**Records drawn from a dataset:**
^^^^^^^^
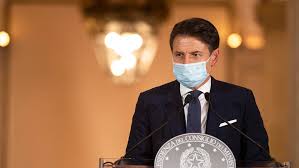 Le prime parole del discorso di conte di stasera in diretta. Che Cosa E Successo Oggi Venerdi 18 Dicembre 2020 Radio Popolare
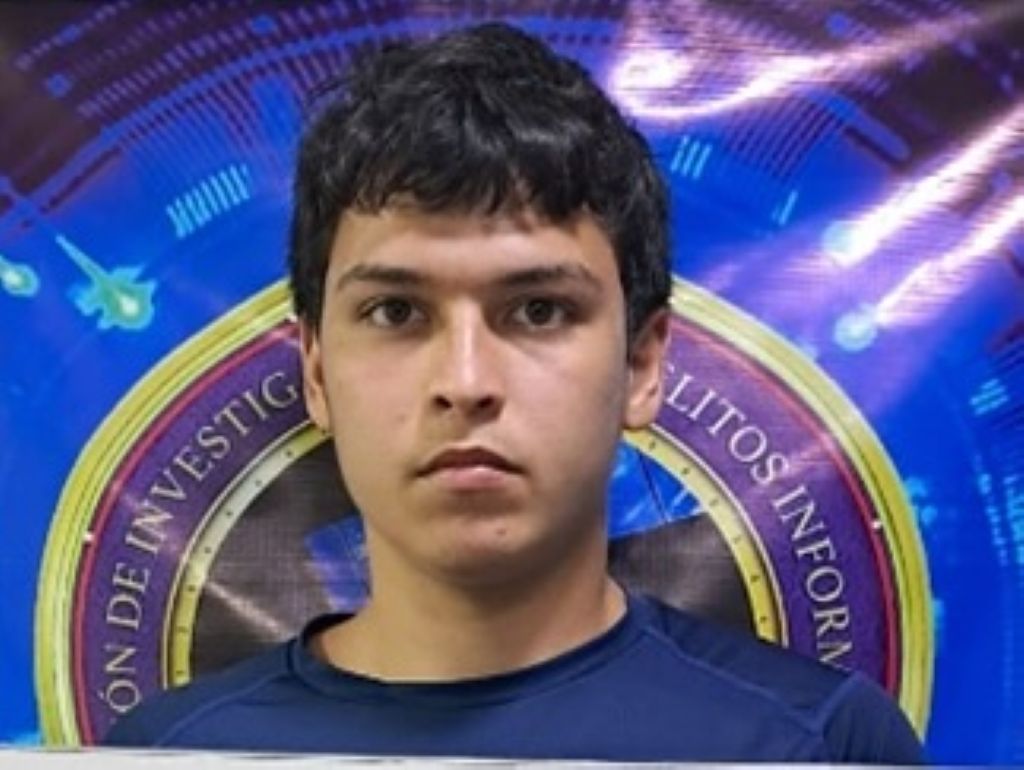 Capturado otro miembro de organización The Silent Wirer - Agencia Carabobeña de Noticias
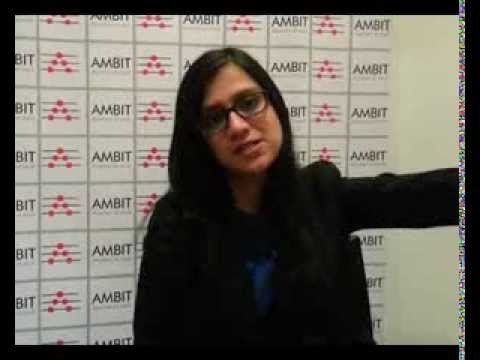 Ritika Mankar Mukherjee of Ambit Capital on the ecomony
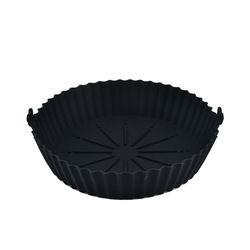Small black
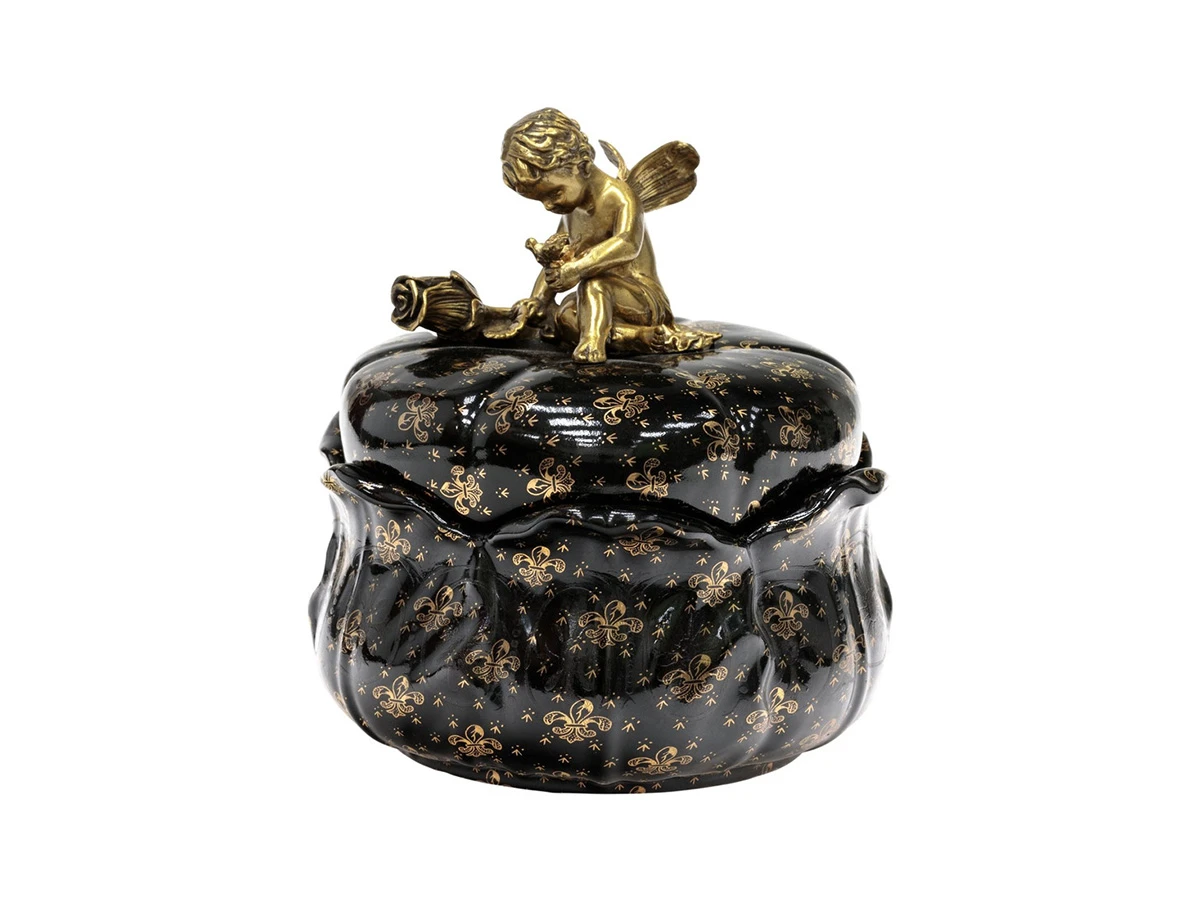 Шкатулка 875592  - фото 1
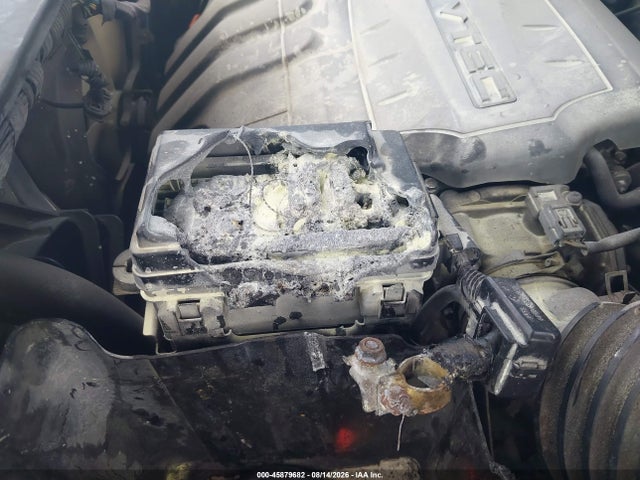45879682 :رقم المزاد ، 2HNYD28517H516998 vin ، 2007 Acura Mdx Sport Package مزاد بيع
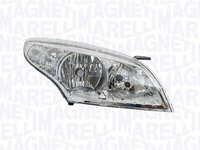 Far dreapta (711307023109 MAGNETI MARELLI) RENAULT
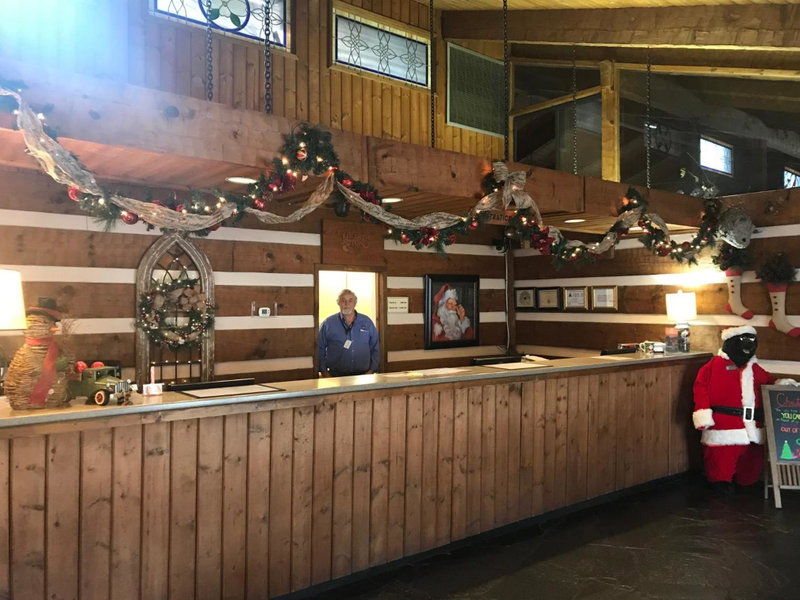 Great Smokies Inn - Cherokee, Cherokee, United States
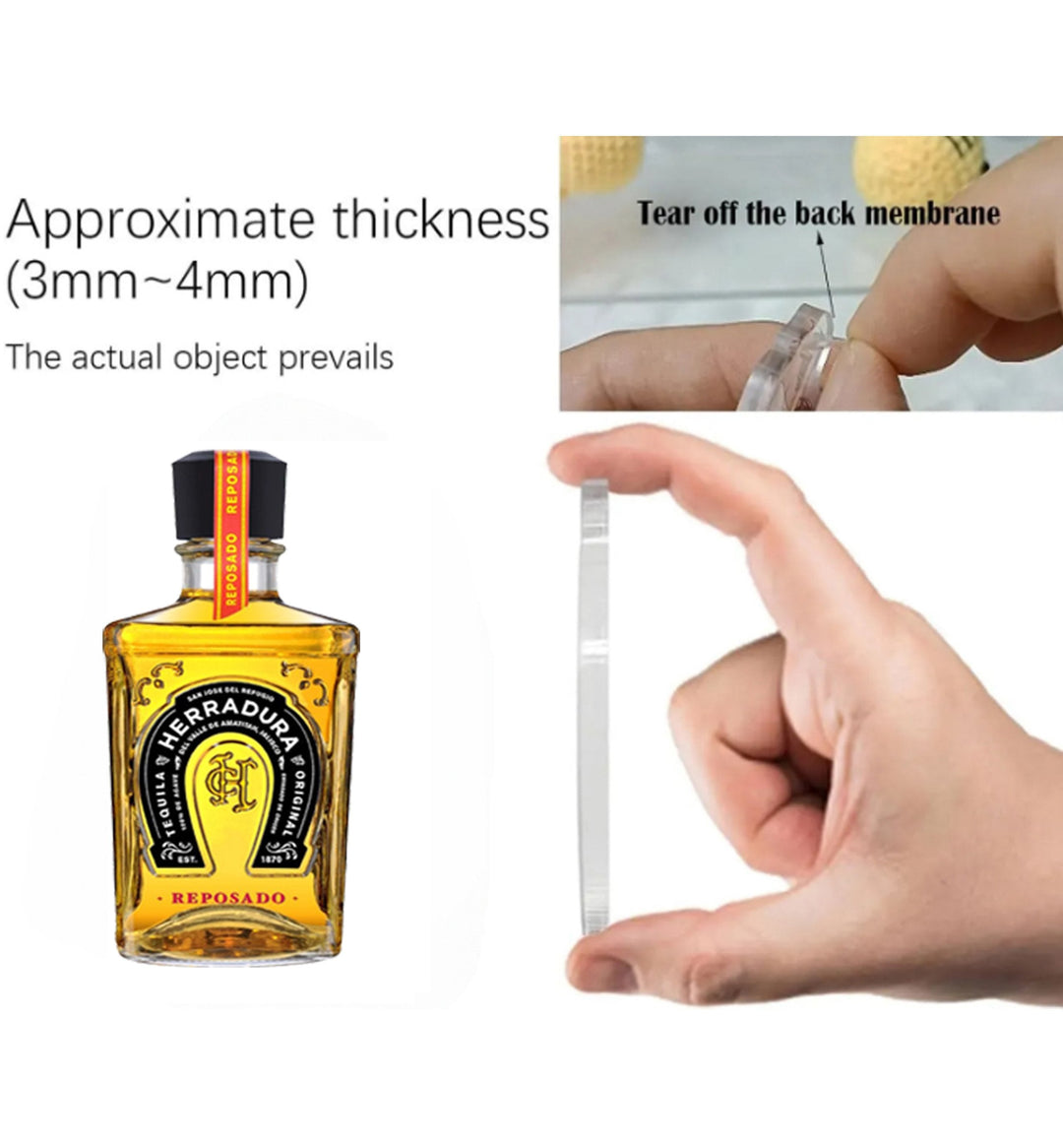 Tequila Adventní kalendář 2025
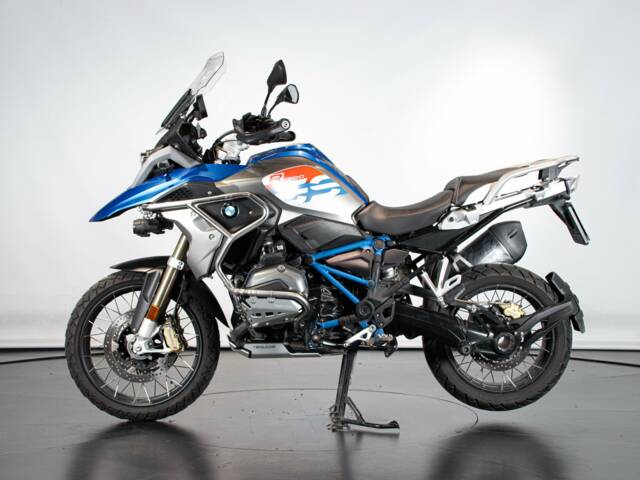 BMW R 1200 GS K50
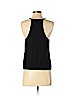 American Eagle Outfitters Black Sleeveless Top Size S - photo 2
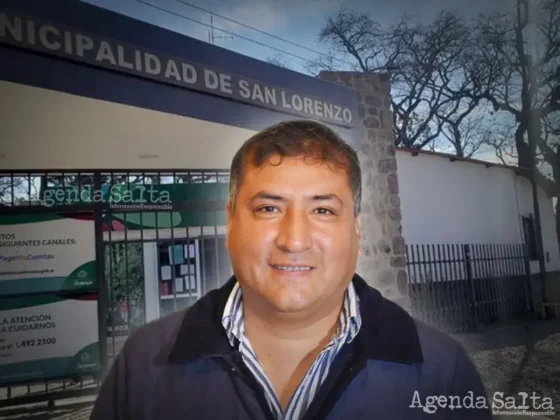 La justicia ordenó la detención del ´Kila´ Gonza
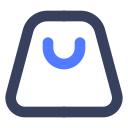 bolsa icon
^^^^^^^^
**Task item:** Exact copy, pictures omitted: every line from the one holding "American Eagle Outfitters" through the last line of the data above, and nothing else.

**Task output:**
 American Eagle Outfitters Black Sleeveless Top Size S - photo 2
 La justicia ordenó la detención del ´Kila´ Gonza
 bolsa icon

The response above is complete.